Hace ya unos años atrás, gané un premio de microrrelatos del Metro de Panamá que en aquel entonces estaba en construcción. El premio fue un viaje a Medellín donde conocí el metro de esa ciudad y además me obsequiaron una bolsa con libros y hasta el mes pasado, luego de 11 años, leí uno de los libros que me obsequiaron: Café exasperación, parte una colección denominada Palabras Rodantes que en aquel entonces difundía la literatura colombiana en el metro de Medellín. Maravillosa iniciativa. Debías tomar el libro en ciertos sitios y, al terminar, dejarlo en otro punto de lectura para que otro pasajero lo leyera.
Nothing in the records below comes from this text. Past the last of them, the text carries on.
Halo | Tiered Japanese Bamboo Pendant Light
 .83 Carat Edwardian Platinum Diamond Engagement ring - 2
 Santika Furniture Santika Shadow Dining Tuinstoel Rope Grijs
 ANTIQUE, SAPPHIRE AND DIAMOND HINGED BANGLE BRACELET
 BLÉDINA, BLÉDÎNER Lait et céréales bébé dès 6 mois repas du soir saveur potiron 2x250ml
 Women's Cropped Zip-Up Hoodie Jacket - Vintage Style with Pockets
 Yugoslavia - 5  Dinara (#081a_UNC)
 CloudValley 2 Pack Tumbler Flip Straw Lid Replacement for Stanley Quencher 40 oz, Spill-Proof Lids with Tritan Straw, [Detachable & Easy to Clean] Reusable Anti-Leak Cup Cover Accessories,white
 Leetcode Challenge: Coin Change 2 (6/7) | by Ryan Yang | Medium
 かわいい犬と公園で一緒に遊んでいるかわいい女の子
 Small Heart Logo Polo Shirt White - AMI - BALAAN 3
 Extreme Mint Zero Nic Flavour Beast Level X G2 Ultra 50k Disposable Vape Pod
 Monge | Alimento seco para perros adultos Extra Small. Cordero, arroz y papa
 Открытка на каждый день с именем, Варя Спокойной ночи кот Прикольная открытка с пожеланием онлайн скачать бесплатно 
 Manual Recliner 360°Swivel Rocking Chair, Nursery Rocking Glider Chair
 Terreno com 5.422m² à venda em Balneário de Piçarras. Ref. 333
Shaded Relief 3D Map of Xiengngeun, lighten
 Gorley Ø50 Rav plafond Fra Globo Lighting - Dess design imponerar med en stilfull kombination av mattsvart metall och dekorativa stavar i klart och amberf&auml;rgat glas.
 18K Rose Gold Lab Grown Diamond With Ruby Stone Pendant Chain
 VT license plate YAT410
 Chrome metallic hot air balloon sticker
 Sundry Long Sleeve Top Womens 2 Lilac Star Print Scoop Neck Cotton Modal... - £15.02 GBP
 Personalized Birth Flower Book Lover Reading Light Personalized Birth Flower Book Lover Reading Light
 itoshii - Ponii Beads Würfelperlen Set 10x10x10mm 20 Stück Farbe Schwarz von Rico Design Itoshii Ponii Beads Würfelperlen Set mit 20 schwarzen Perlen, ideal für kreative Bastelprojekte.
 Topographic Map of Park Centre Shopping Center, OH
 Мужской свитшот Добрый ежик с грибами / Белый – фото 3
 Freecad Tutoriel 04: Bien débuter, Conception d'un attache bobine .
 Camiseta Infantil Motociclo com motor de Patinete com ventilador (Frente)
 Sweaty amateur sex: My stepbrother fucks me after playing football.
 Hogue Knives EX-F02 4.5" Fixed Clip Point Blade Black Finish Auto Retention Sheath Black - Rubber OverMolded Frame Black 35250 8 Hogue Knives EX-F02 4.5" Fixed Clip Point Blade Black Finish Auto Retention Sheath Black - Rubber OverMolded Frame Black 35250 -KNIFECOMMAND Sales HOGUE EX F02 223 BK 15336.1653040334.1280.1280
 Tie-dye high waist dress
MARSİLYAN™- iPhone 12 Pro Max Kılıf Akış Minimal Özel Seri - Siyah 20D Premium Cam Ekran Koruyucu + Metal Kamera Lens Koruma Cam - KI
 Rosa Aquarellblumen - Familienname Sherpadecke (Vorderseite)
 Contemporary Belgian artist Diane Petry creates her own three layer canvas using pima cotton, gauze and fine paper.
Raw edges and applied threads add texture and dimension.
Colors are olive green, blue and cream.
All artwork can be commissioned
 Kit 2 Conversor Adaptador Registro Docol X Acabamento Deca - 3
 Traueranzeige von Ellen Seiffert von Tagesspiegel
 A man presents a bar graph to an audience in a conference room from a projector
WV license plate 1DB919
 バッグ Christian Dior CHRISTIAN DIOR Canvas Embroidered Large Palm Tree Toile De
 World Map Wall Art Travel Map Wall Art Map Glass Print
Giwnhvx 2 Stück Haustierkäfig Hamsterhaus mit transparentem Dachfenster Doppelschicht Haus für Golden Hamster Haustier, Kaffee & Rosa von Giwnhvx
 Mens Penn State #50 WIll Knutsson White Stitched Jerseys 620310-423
El autor de Café Exasperación es Jesús Botero Restrepo. Nació en 1991 y murió en 2008. Es una novela corta que va hilvanando una tétrica historia de violencia y abuso de poder en un pequeño pueblo. La ambientación sucede en lugares muy puntuales: una cantina, la calle principal del poblado, el aposento de un personaje y la finca. Pudiese ser adaptado al teatro con bastante facilidad. Es un tenso encuentro entre don Lucas, culpable del exterminio de toda una familia por su avaricia e Irene, la única sobreviviente de la masacre. La finca ha quedado maldita, don Lucas enfermo e Irene, muerta en vida. Nada se dice abiertamente, se va mostrando el desenlace de forma vedada con un lenguaje culto, extenso, que describe con elegante precisión el sufrimiento de los personajes. Lucas ha sido un falso amigo y ha provocado una tragedia. Irene ha de decidir entre tomar venganza o seguir rumiando su pena ante un pueblo que la compadece. La noche de los asesinatos es narrada con todo su horror pero sin caer en innecesarias descripciones, más bien se narran las emociones de las víctimas. ¿Logrará Irene liberarse de su pasado y construir un presente? Solo por esa respuesta, vale la pena leer Cafe Exasperación sino por disfrutar el arte narrativo de Botero.
Aquí un ejemplo:
Sentía todavía un ascenso de bascas, un nudo de asco gemía en el estómago. Y entraba osadamente, casi pudiera decirse anhelosamente a la noche que la esperaba allá, en las afueras, en la pieza estrecha y paupérrima que una lejana parienta de su padre, viuda y sola, había convenido en cederle a cambio de la casi totalidad de su salario del bar, porque a lo menos, aunque el sueño no acudiera siempre muy solícito, le era concedido tenderse con solitaria libertad desamparada en ese cuarto como un leño arrojado a la orilla del río, sin ser arrastrado ya más por la corriente siquiera por unas horas, sin navegar ya más, sin flotar ya más, ojalá fuera para siempre.